Problem set 5

Due by 11:59 PM on Tuesday, November 20, 2018

Task 0: Setting things up

Create a new RStudio project somewhere on your computer. Open that new folder in Windows File Explorer or macOS Finder (however you navigate around the files on your computer), and create subfolders there named output and data.

Download this R Markdown file and place it in the root of your newly-created projectYou’ll probably have to right click on the link and choose “Save link as…”.

It contains an basic outline/skeleton of the tasks you’ll do in this assignment. Like before, it doesn’t have a lot.

Download these files and place them in your data folder:

riaa.csv: This comes from the Recording Industry Association of America (RIAA)’s US sales database. The Value column is measured in millions of dollars.
share-of-individuals-using-the-internet-1990-2015.csv: This comes from Max Roser’s Our World in Data project.
Natural Earth 110m Admin 0—Countries: This will download as a .zip file. Unzip the file and move the entire ne_110m_admin_0_countries directory into your data folder.

In the end, the structure of your new project directory should look something like this:

your-project-name/
  your-name_problem-set-5.Rmd
  your-project-name.Rproj
  output/
    NOTHING
  data/
    riaa.csv
    share-of-individuals-using-the-internet-1990-2015.csv
    ne_110m_admin_0_countries/
      ne_110m_admin_0_countries.shp
      ne_110m_admin_0_countries.prj
      ne_110m_admin_0_countries.shx
      (and all the other ne_110m_admin_0_countries.* files)
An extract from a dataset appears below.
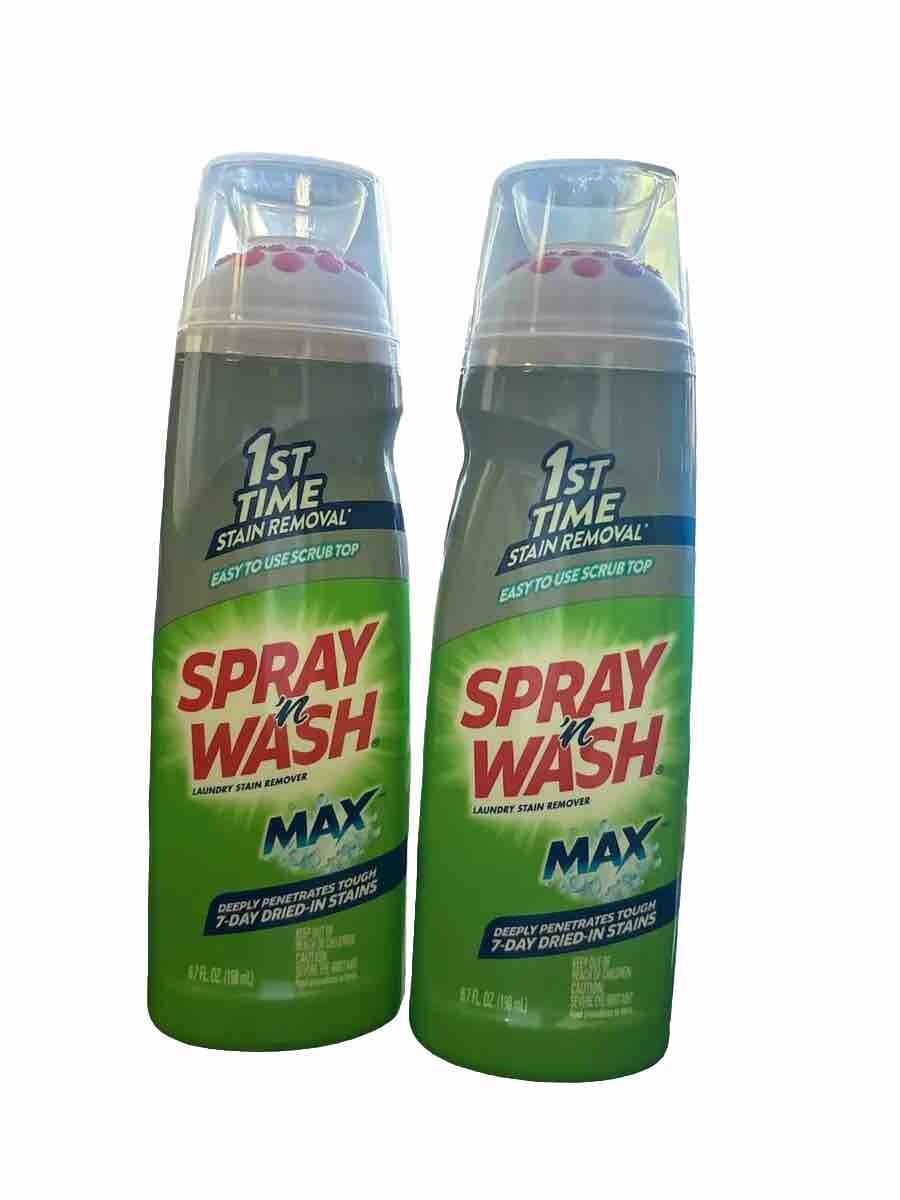 (2) Spray n Wash Max Laundry Stain Remover Gel Stick with Easy to Use Scrub Top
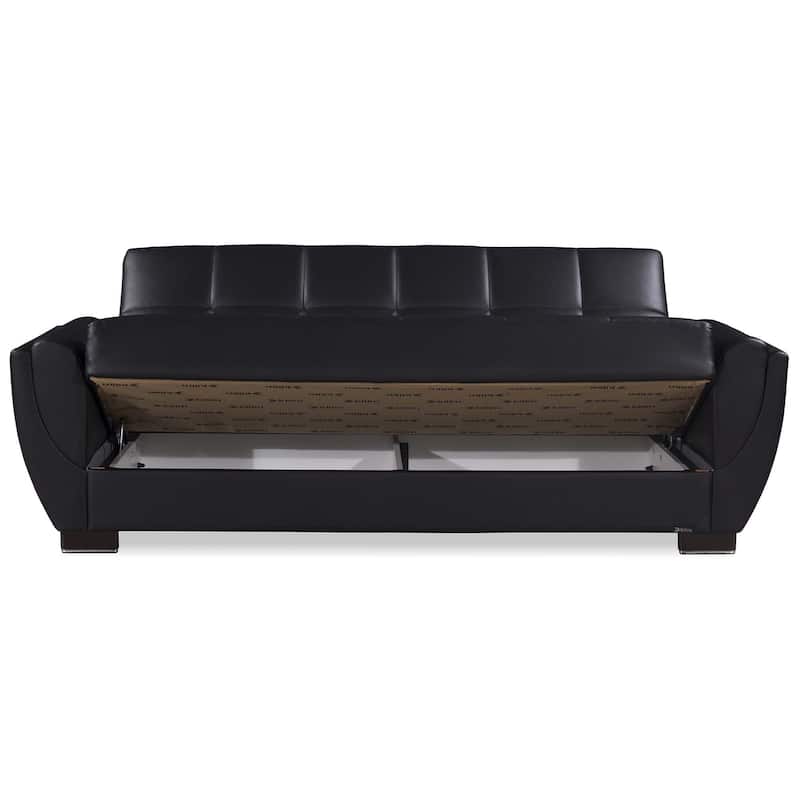 HomeRoots 93" Black Faux Leather Convertible Futon Sleeper Sofa And Toss Pillows With Storage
Task 1: RIAA music revenues

The music landscape in the United States has seen multiple tectonic shifts over the past four decades. Use data from the RIAA to plot music revenues by format from 1977 to 2017. Figure out the best way to plot this (geom_area(), geom_line(), something else, etc.) and tell a story about the music industry.

Task 2: World map

Make a map showing the proportion of individuals in each country that had access to the internet in 2015. If you want to be super cool, make a second map showing that same proportion in 2000.

Some hints:

I’ve provided some starter code in the R Markdown template.
You’ll want to fill each country by the users column.
Make sure you choose a good projection. See the “Projections and coordinate reference systems” section from the class page.
See the class page for examples of how to use geom_sf() to plot shapefiles.

Task 3: Personal map

Draw your own map with your own points. This could be a map of places you’ve lived, or a map of places you’ve visited, or a map of places you want to visit. Anything!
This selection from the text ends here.